Last week the appeals court said the bondholders and Scotia Pacific could appeal Schmidt's order approving the Marathon-Mendocino plan, but couldn't hold it up its implementation pending their appeal.

The bondholders had argued that if Marathon and Mendocino take over Pacific Lumber, based in Humboldt County, Calif., their appeal will be moot because all of the transactions involved in the takeover will have been completed.

Lawyers for Marathon, Mendocino and Pacific Lumber blasted the bondholders' and Scotia Pacific's tactics and asked Schmidt to enforce his confirmation order, allowing the new owners to take over Pacific Lumber's lumber mill and its 200,000 acres of timberlands in northern California.

Schmidt approved the Marathon-Mendocino bankruptcy plan over a rival proposal from the bondholders, who fought to sell the timberlands at an auction.

Bondholders are slated to recover $513 million under the Marathon-Mendocino plan, less than the $740 million that was outstanding on their notes when Pacific Lumber filed for bankruptcy last year. Their recovery was based on what Schmidt decided was the value of the timberlands, their collateral.
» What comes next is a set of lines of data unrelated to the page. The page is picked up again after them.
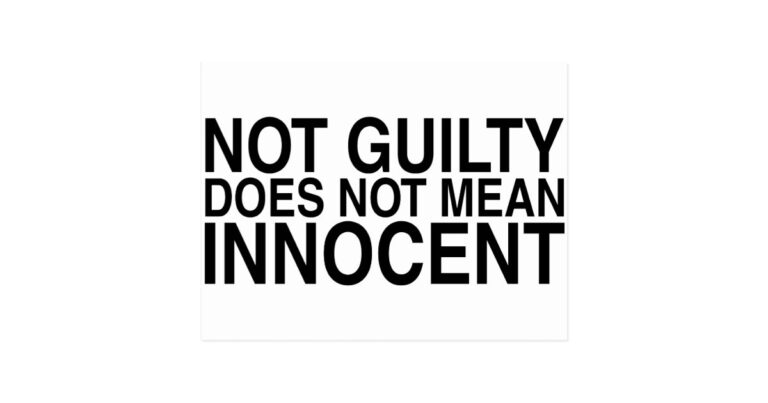 What Does Not Guilty Mean In Court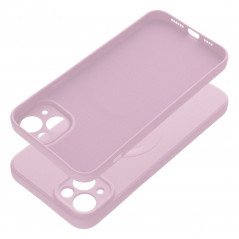 Apple iPhone 14 Plus Hülle Silicone Mag Cover MagSAFE  Rosa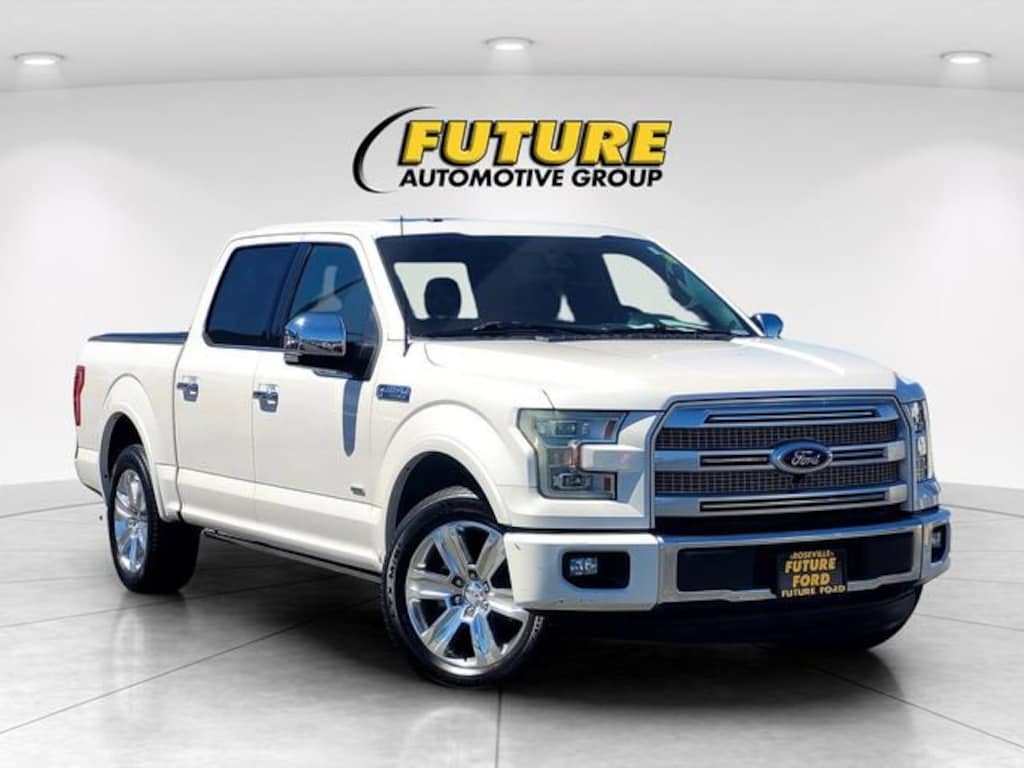 Used 2015 Ford F-150 Platinum Crew Cab Pickup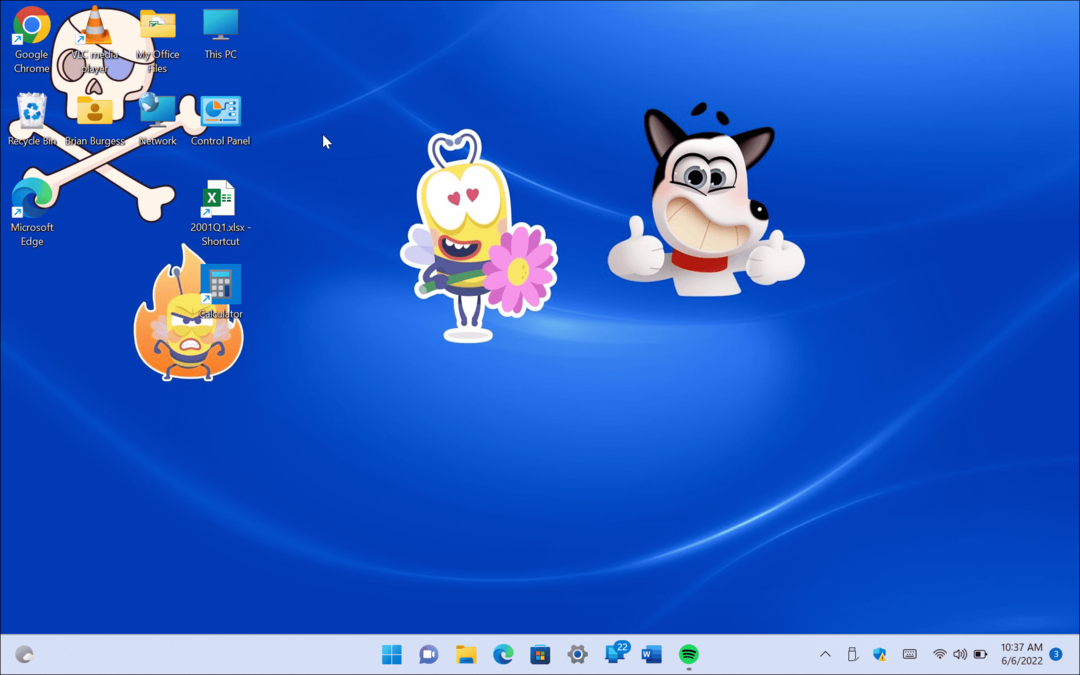 Cara Mengaktifkan Stiker Desktop di Windows 11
Pacific Lumber, filed for Chapter 11 bankruptcy protection in January 2007. The company, which has been logging in Northern California for more than 130 years, was owned by Houston conglomerate Maxxam Inc. (MXM), which acquired the company in 1986. Maxxam later bowed out of Pacific Lumber's Chapter 11 reorganization and threw its support behind the Marathon-Mendocino plan.